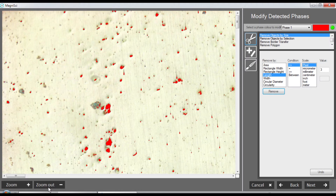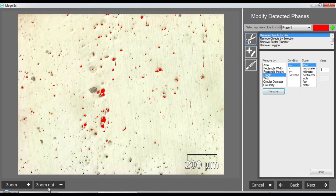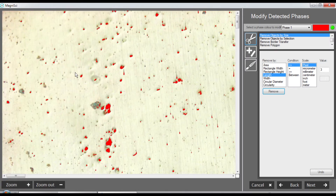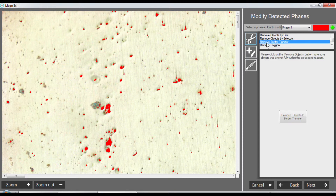In other cases particles are touching the border, so I am also removing those particles using 'remove objects that touch the border.' These are removed as well, and now I am happy with this and we will go forward to see what happens to our report.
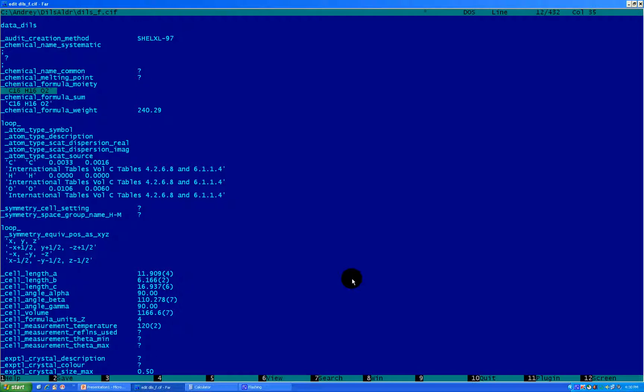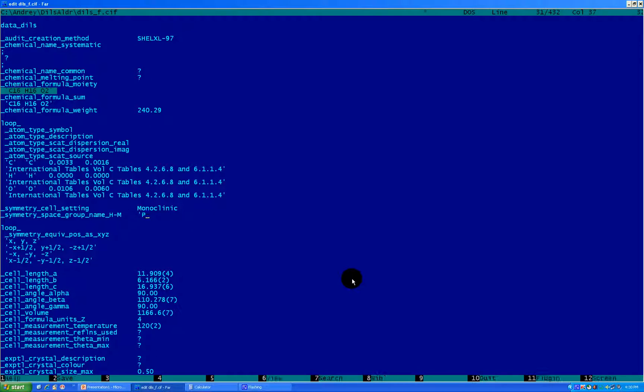Well, the next question mark will be symmetry cell settings. And we know the space group is P21/n. So this corresponds to monoclinic space group. And since it's monoclinic space group, that's what you need to write. So it would be monoclinic. Okay, I'm going next. Symmetry space group name - as we told it, it's P21/n. So P2 - let's space it - P21/n.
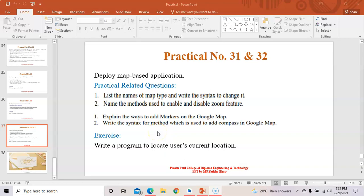Welcome back, my name is Atisha, lecturer from Praveen Patil College of Diploma Engineering and Technology. Today we will see the last practical of mobile application development, that is practical number 31 and 32. The program is to deploy a map-based application related to Google Maps. The exercise is to write a program to locate a user's current location.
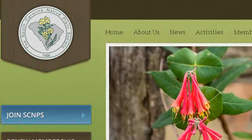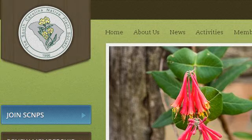You can also try scnps.org, especially the page South Carolina Native Plant Society — Welcome to the South. This is the link.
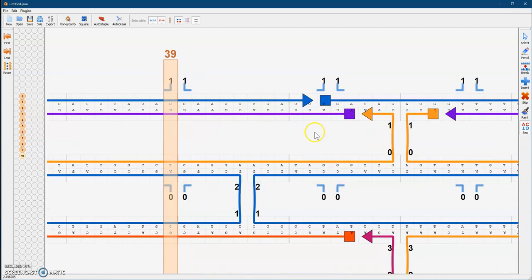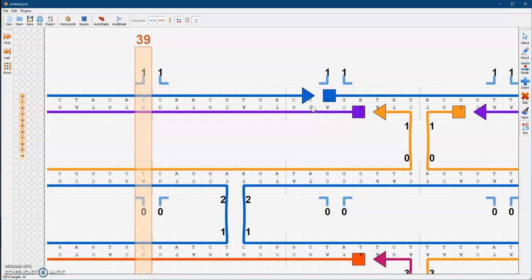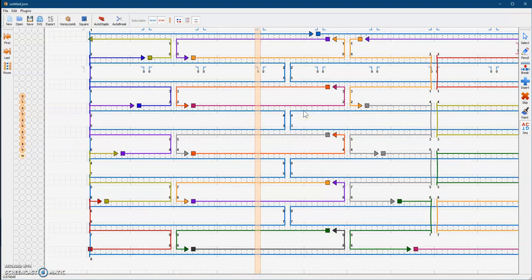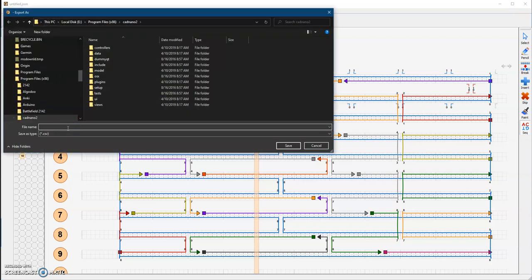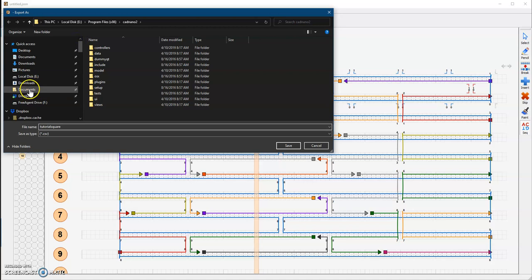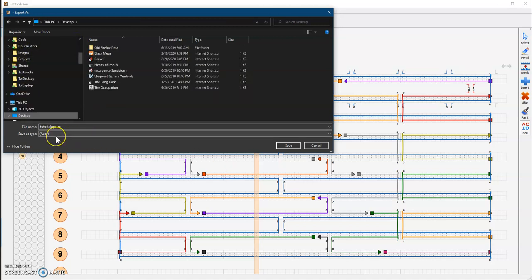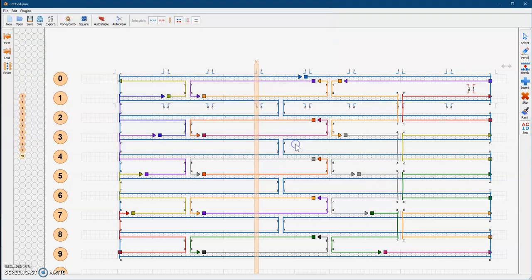If you zoom in, you can see your DNA sequences. And that's pretty much it. Now you're ready to export this file and save it. You click export, give it a name — I named mine 'tutorial square' — and save it to your desktop. After that it gets saved. On the next part, we're going to talk about looking at your DNA as an Excel file, and then uploading it to a program called CanDo where you can see a simulation of your structure. So this concludes this part of the lecture.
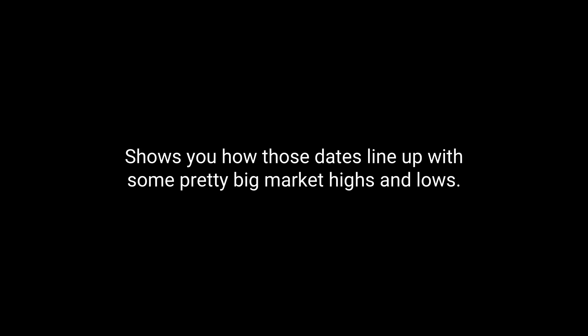Yep. And he points to specific examples on the Dow Jones chart and everything. Shows you how those dates line up with some pretty big market highs and lows. It's pretty compelling visually, but you know, correlation doesn't necessarily equal causation.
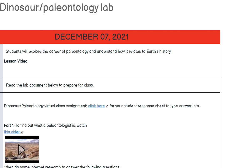Hello! Welcome back to Learning with Ms. H. We are back in our Earth Science class and my in-person students are doing a dinosaur dig assignment. My students who are not able to be in person — whether they're absent or virtual — are going to do this dinosaur paleontology activity.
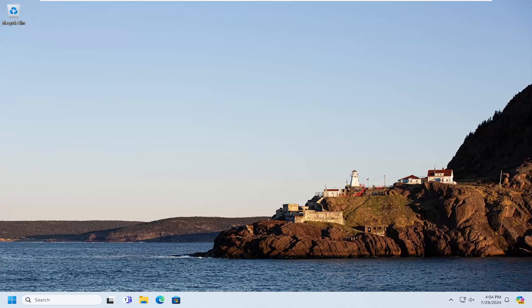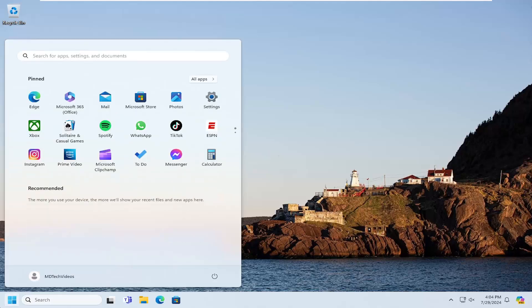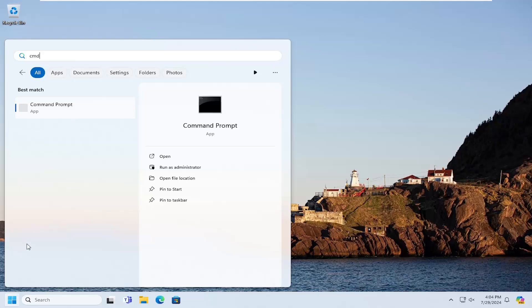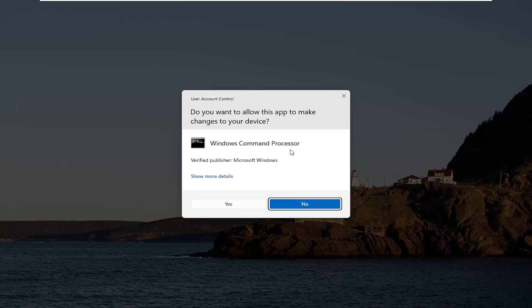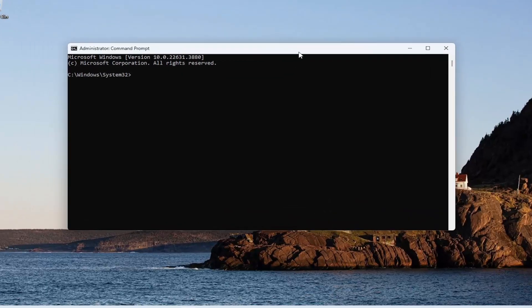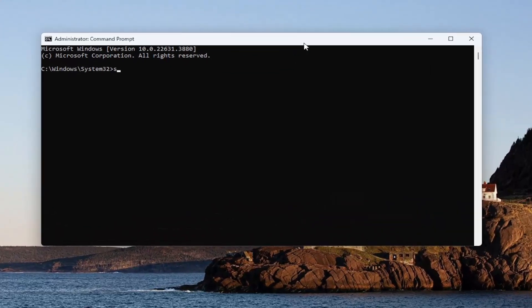However, if you are noticing this sporadically coming up on your screen, something else we can try here as well would be to open up the search menu and type in CMD. Best match, it should say Command Prompt — right click on it and then run as administrator. If you receive a User Account Control prompt, select Yes. And now we're going to type in SFC space forward slash scannow.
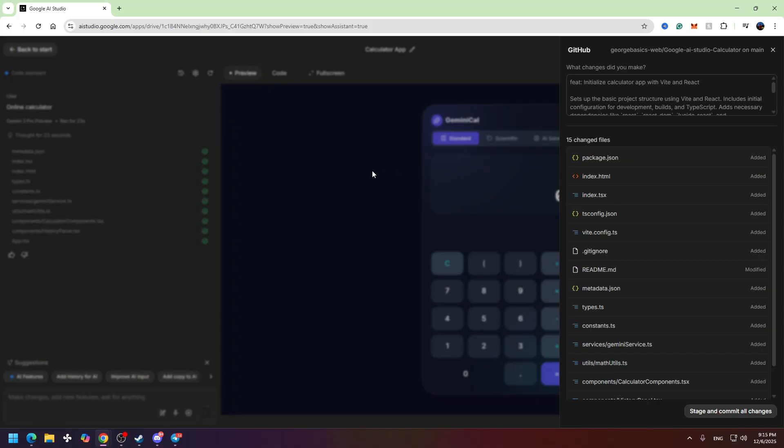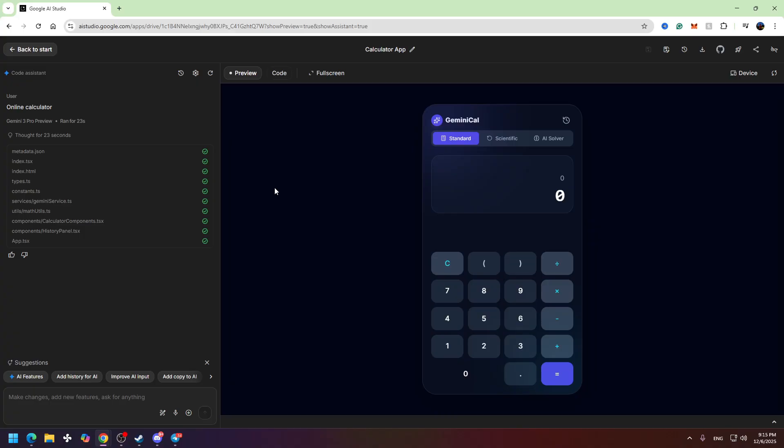This will link your app to GitHub so your files will be saved on GitHub. This means any changes you make to your app in Google AI Studio will be automatically saved into your GitHub account.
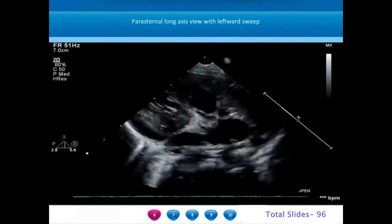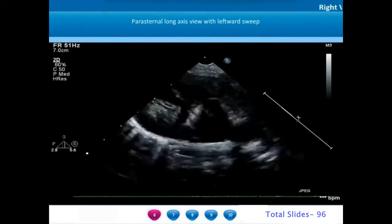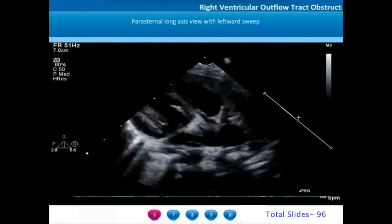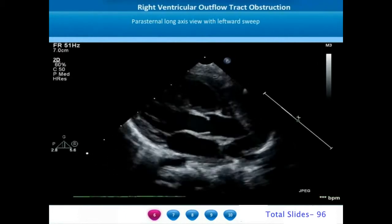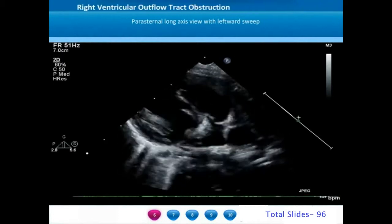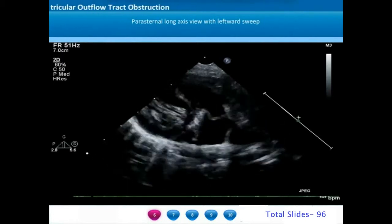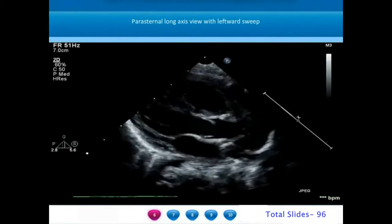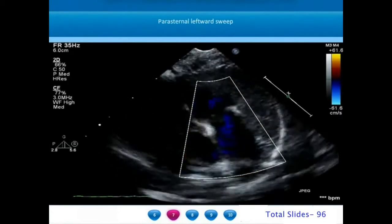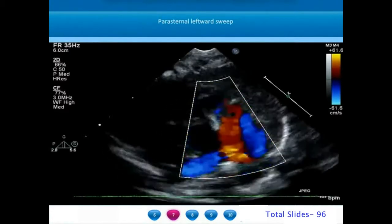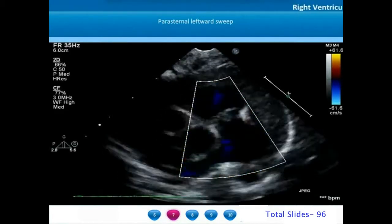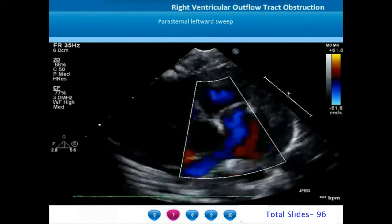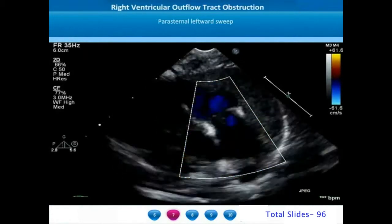On a parasternal long axis sweep, after visualizing the left ventricle and aortic valve, a leftward sweep opens out the right ventricular outflow tract, pulmonary valve, and the main pulmonary artery. We can appreciate the doming pulmonary valve in this view. On continuous color wave Doppler interrogation we can notice the turbulence beyond the pulmonary valve and the doming nature of the pulmonary valve.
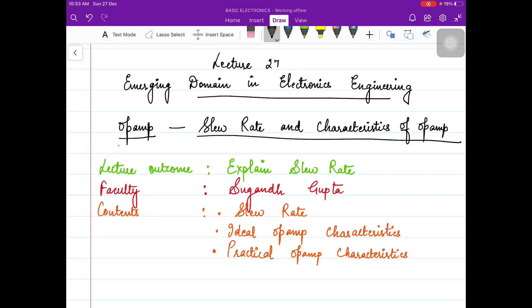Hello, students. Welcome to the next lecture of Emerging Domain in Electronics Engineering. In today's lecture, we will discuss the slew rate and the ideal and practical characteristics of OPAMP. In the previous lecture, we discussed the common mode rejection ratio of OPAMP and some numericals on CMRR. I hope you all must have understood it. Now let us move to another feature of OPAMP, that is the slew rate.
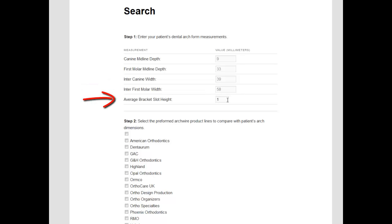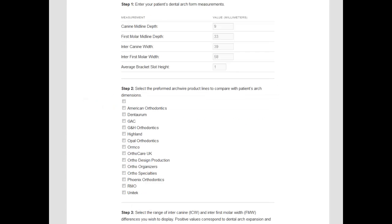We also need to enter average bracket height. Here we will keep the default height at 1 mm. Next, we will select those arch wire manufacturers we anticipate using for treatment. In this case, let us select Highland and Unitec.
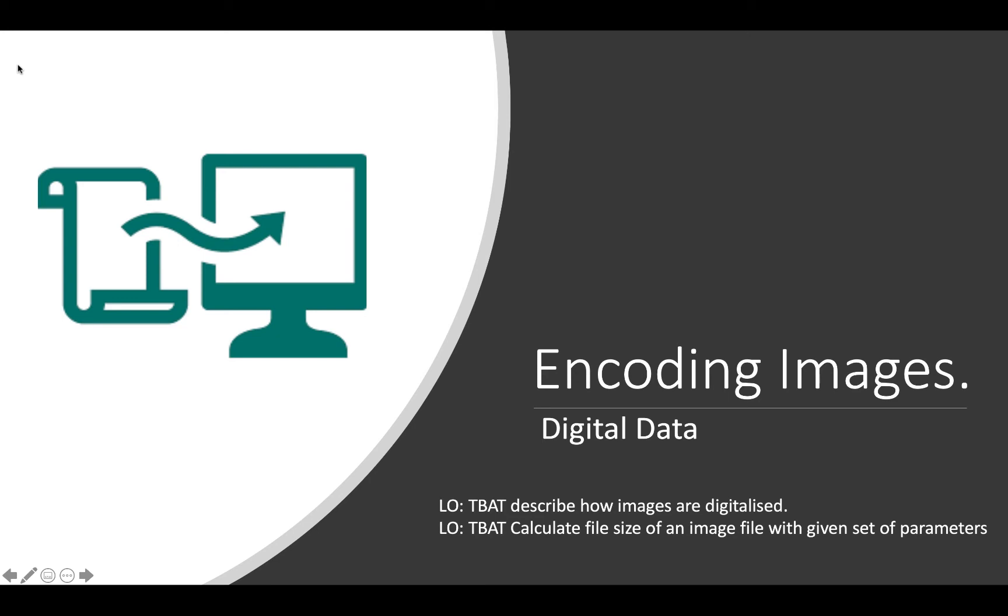Okay, good day ladies and gentlemen. So now we've talked about text, we've talked about sound, the third and final type of media that we're going to talk about are images. And what we're going to look at today is how images are digitalised and how we can calculate the image size again.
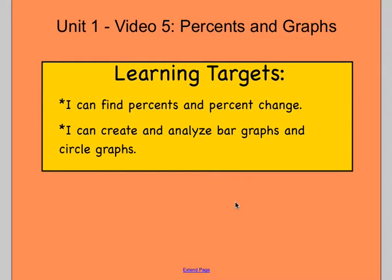Hello class and welcome to Unit 1 Video 5. Today we're going to look at percents and graphs. Our learning targets for today are that you should be able to find percents and percent change. Also we're going to look at some graphs, and you should be able to create and analyze bar graphs and circle graphs. Just a reminder that learning targets are what you should be able to do once you're done with the notes and the practice worksheet.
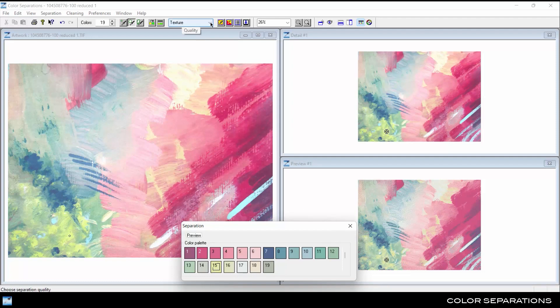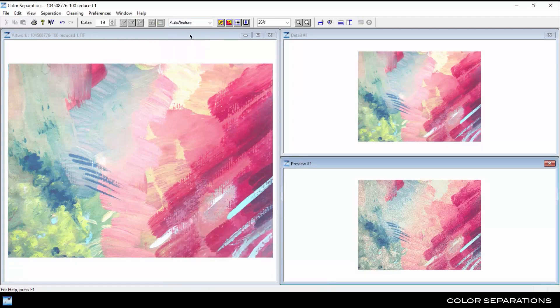Select the auto-texture method to have the system automatically reduce the artwork to the set number of colors. Increase the number of colors to get as close to the look of the original scanned artwork as possible.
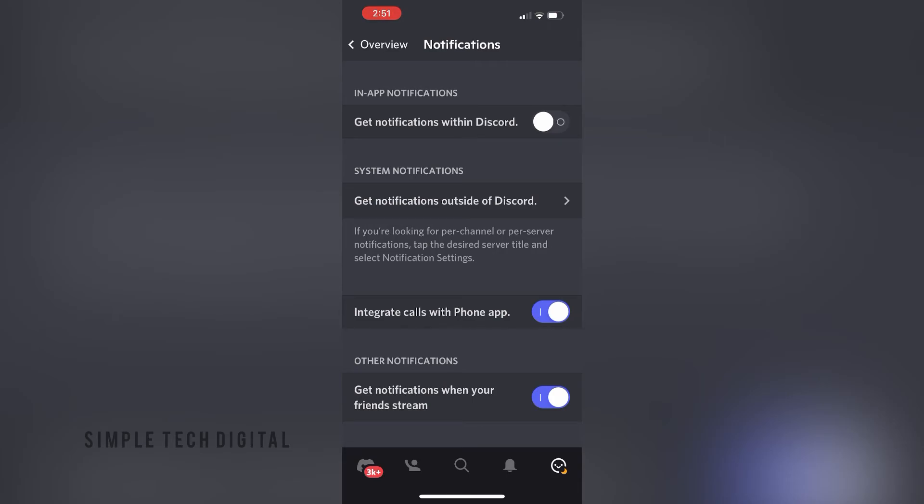So that's how you can turn off notifications within Discord. If you guys have found this video helpful, please remember to like, share, and subscribe. I'll catch you guys in the next video. Thanks.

··········

• [Exercise requirements]: Please repeat the lines of the material above exactly, starting with the line that contains "However, if you" and ending with the line that contains "Hello, students. Welcome". Leave the pictures out.

• [Completed task]:
However, if you are noticing this sporadically coming up on your screen, something else we can try here as well would be to open up the search menu and type in CMD. Best match, it should say Command Prompt — right click on it and then run as administrator. If you receive a User Account Control prompt, select Yes. And now we're going to type in SFC space forward slash scannow.
This will link your app to GitHub so your files will be saved on GitHub. This means any changes you make to your app in Google AI Studio will be automatically saved into your GitHub account.
On a parasternal long axis sweep, after visualizing the left ventricle and aortic valve, a leftward sweep opens out the right ventricular outflow tract, pulmonary valve, and the main pulmonary artery. We can appreciate the doming pulmonary valve in this view. On continuous color wave Doppler interrogation we can notice the turbulence beyond the pulmonary valve and the doming nature of the pulmonary valve.
Hello, students. Welcome to the next lecture of Emerging Domain in Electronics Engineering. In today's lecture, we will discuss the slew rate and the ideal and practical characteristics of OPAMP. In the previous lecture, we discussed the common mode rejection ratio of OPAMP and some numericals on CMRR. I hope you all must have understood it. Now let us move to another feature of OPAMP, that is the slew rate.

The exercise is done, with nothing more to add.